On sentait pourtant que cette petite maison venait d’être habitée. Une douce odeur de verveine y flottait encore. Mariolle pensa: «Tiens, de la verveine, parfum simple. La femme d’avant moi ne devait pas être une compliquée... Heureux homme!»
Le soir venait, toutes ces affaires ayant fait glisser la journée. Il s’assit près d’une fenêtre ouverte, buvant la fraîcheur humide et douce des herbages mouillés et regardant le soleil couchant faire de grandes ombres sur les prés.
Les deux servantes parlaient en préparant le dîner, et leurs voix paysannes montaient sourdement par l’escalier, tandis que, par la fenêtre, entraient des meuglements de vache, des aboiements de chien, des appels d’homme ramenant des bêtes ou causant avec un camarade à travers la rivière.
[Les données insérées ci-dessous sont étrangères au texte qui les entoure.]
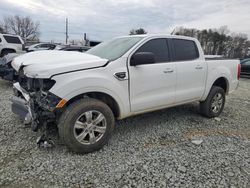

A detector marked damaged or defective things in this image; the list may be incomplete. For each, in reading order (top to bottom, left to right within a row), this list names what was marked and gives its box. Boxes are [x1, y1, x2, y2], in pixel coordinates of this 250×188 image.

Cela était vraiment calme et reposant.
Mariolle se demandait pour la millième fois depuis le matin: «Qu’a-t-elle pensé en recevant ma lettre?... Que va-t-elle faire?...»
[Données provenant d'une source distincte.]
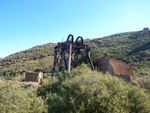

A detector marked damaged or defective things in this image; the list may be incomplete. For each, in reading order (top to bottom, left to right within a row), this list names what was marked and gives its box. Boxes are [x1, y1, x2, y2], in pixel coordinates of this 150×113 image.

rusty metal headframe [51, 34, 94, 75]
rusted steel structure [52, 34, 94, 73]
Puis il se dit: «Que fait-elle en ce moment?»
Il regarda l’heure à sa montre:—six heures et demie.—«Elle est rentrée, elle reçoit.»
Il eut la vision du salon et de la jeune femme causant avec la princesse de Malten, Mme de Frémines, Massival et le comte de Bernhaus.
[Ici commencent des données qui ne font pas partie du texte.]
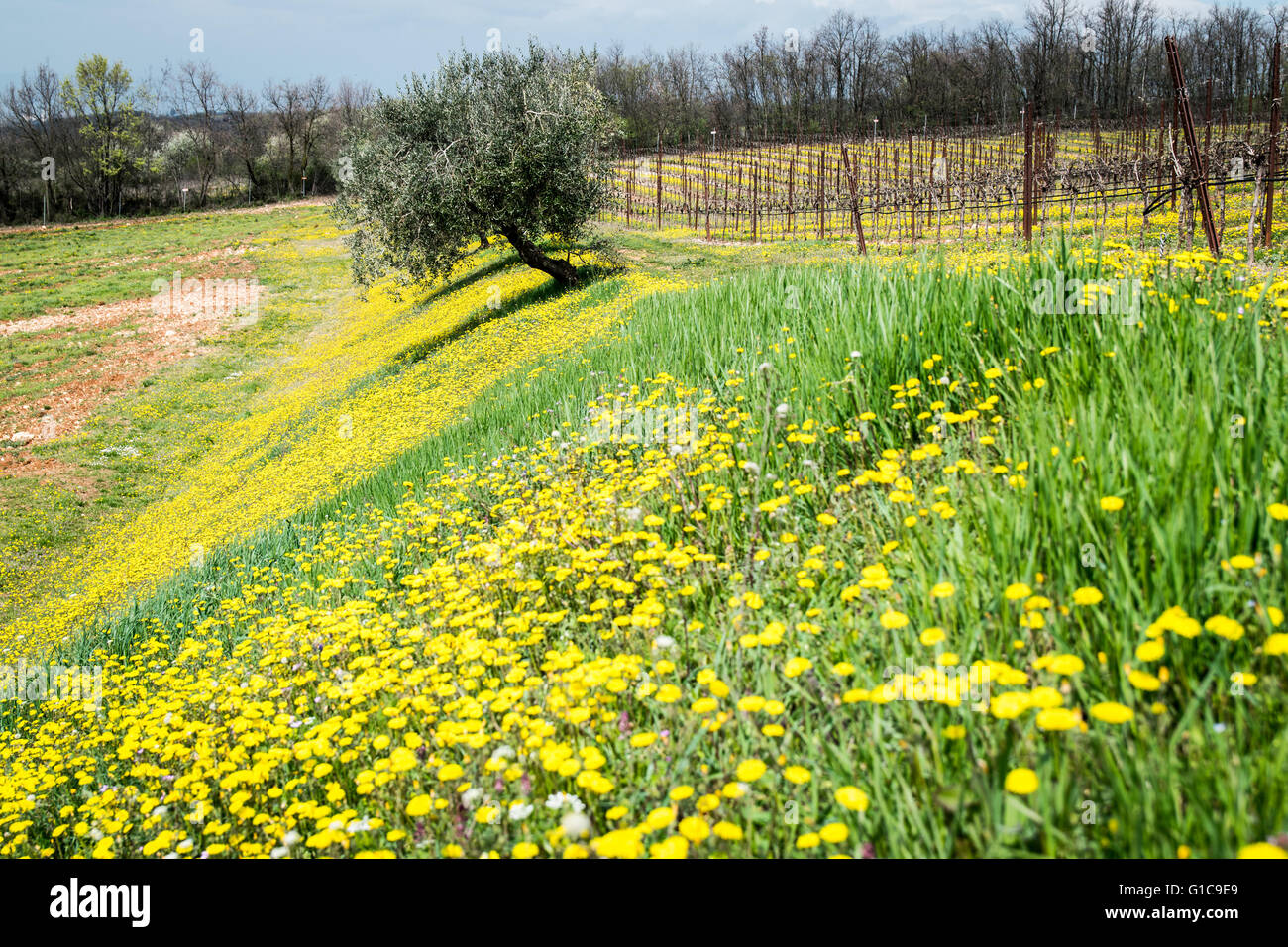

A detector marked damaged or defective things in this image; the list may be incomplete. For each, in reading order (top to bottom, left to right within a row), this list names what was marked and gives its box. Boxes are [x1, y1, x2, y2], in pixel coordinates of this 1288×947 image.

rusty metal vine post [1169, 36, 1216, 254]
Son âme soudain tressaillit d’une espèce de colère. Il aurait voulu être là-bas. C’était l’heure où presque chaque jour il entrait chez elle. Et il sentait en lui un malaise, non pas un regret, car sa volonté était ferme, mais une sorte de souffrance physique pareille à celle d’un malade à qui on refuse la piqûre de morphine au moment accoutumé.
Il ne voyait plus les prairies, ni le soleil disparaissant derrière les collines de l’horizon. Il ne voyait qu’elle, au milieu d’amis, elle en proie à ces soucis mondains qui la lui avaient volée: «N’y pensons plus!» se dit-il.